Figure 6. p85α mutants promote anchorage independent growth, p110 stabilization and proliferation.

Figure 6

(A-F) A representative image showing anchorage-independent growth (A-C) and number of colonies formed in the absence or presence of PI3K inhibitors (D-F) by BaF3 cells stably expressing p85α mutants together with p110α (A), p110β (B) or p110δ (C). (G, H) Pan-p85 null MEFs stably reconstituted with p85α mutants show stabilization of p110α̣ p110β and p110δ (G), elevated pAkt (G) and increased cell proliferation (H). Data shown (D-F, H) are mean ± SEM. (*p<0.05 and **p<0.01).
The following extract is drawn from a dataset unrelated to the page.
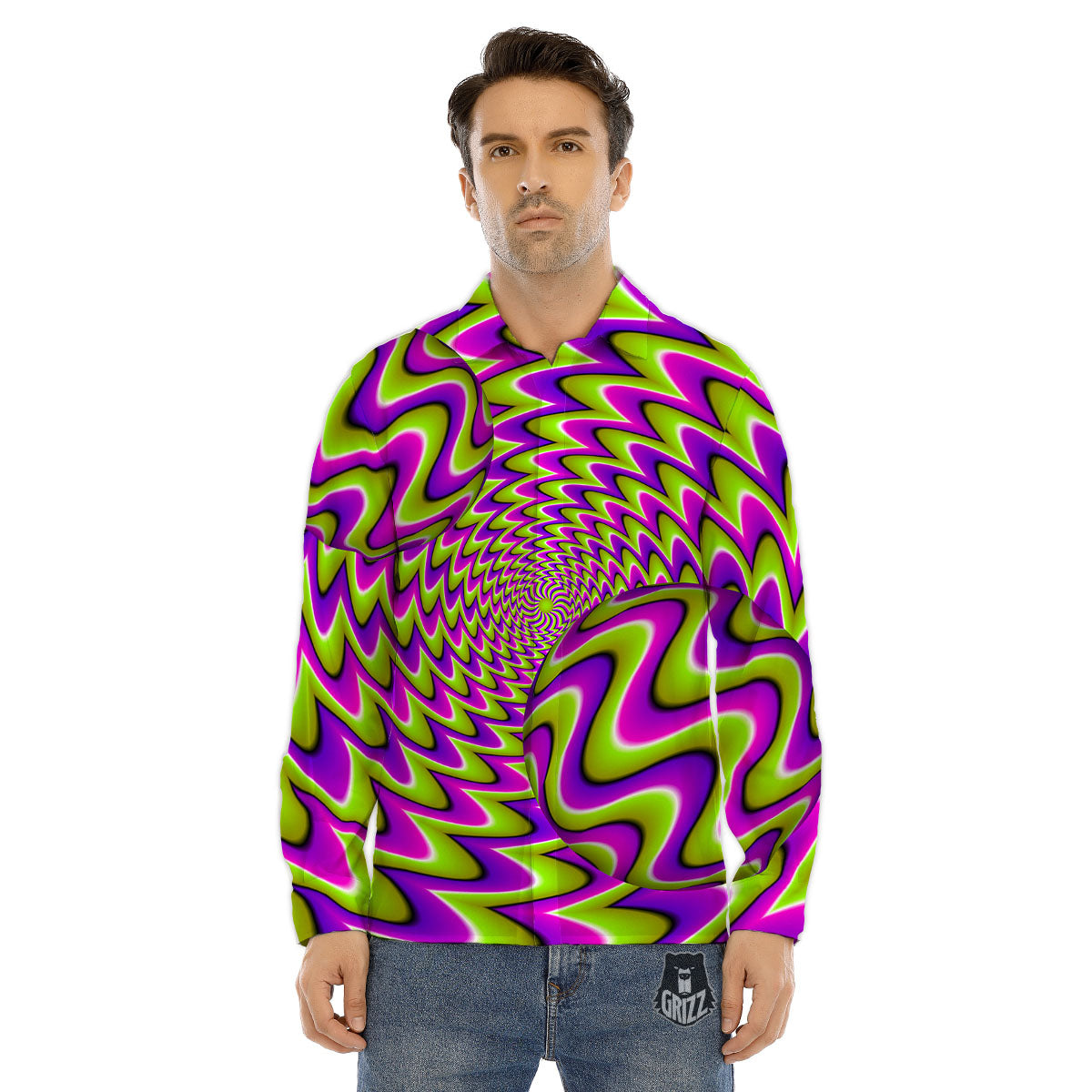 Moving Optical Illusion Green Twisted Men's Dress Shirts-grizzshop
p85α mutants promote oncogenesis in vivo

BaF3 cells that stably express oncogenic p110α mutants promote leukemia and reduced survival when transplanted into mice (Horn et al., 2008). Since the p85α mutants promote BaF3 cell survival, anchorage independent growth and proliferation in vitro in a p110-dependent manner (Figures 5 and 6), we tested p85α/p110α eGFP/dsRed-tagged BaF3 cells for induction of leukemia-like disease in mice. Mice transplanted with BaF3 cells expressing mutant p85α subunit together with wild-type p110α showed a median survival of 30 to 40 days (Figure 7A). With the exception of one animal that received cells expressing p110α alone, all mice that received BaF3 cells expressing either wild-type p85α or co-expressing wild-type p85α and p110α, or had been transduced with empty vector were still alive at the end of the 55-day study period. Necropsies were conducted at 30 days on an additional cohort of three mice per treatment to follow disease progression. Bone marrow, spleen, and liver samples from these animals reviewed for any pathological abnormalities. As the BaF3 cells were tagged with eGFP and/or dsRed, we examined isolated bone marrow for infiltrating cells by fluorescence-activated cell sorting (FACS). The bone marrow from mice transplanted with cells expressing mutant p85α showed a significant proportion of infiltrating eGFP /dsRed-positive cells compared with bone marrow from mice receiving wild-type p85α or empty-vector control cells (Figure 7B, C). Consistent with the FACS data, in mice receiving cells expressing mutant p85α, histological evaluation of spleen and liver stained with hematoxylin and eosin (H&E) showed significant infiltration of blasts (Figure 7D). However, in mice receiving cells expressing wild-type p85α or empty vector transduced cells, there was little or no evidence of blast infiltration or empty vector transduced cells (Figure 7D). Mice carrying the mutant p85α/p110α-expressing cells also showed increased spleen and liver weight, consistent with an infiltration of cells into the liver and spleen (Table 1). These results demonstrate the in vivo leukemogenic potential conferred by the p85α mutants on hematopoietic cells.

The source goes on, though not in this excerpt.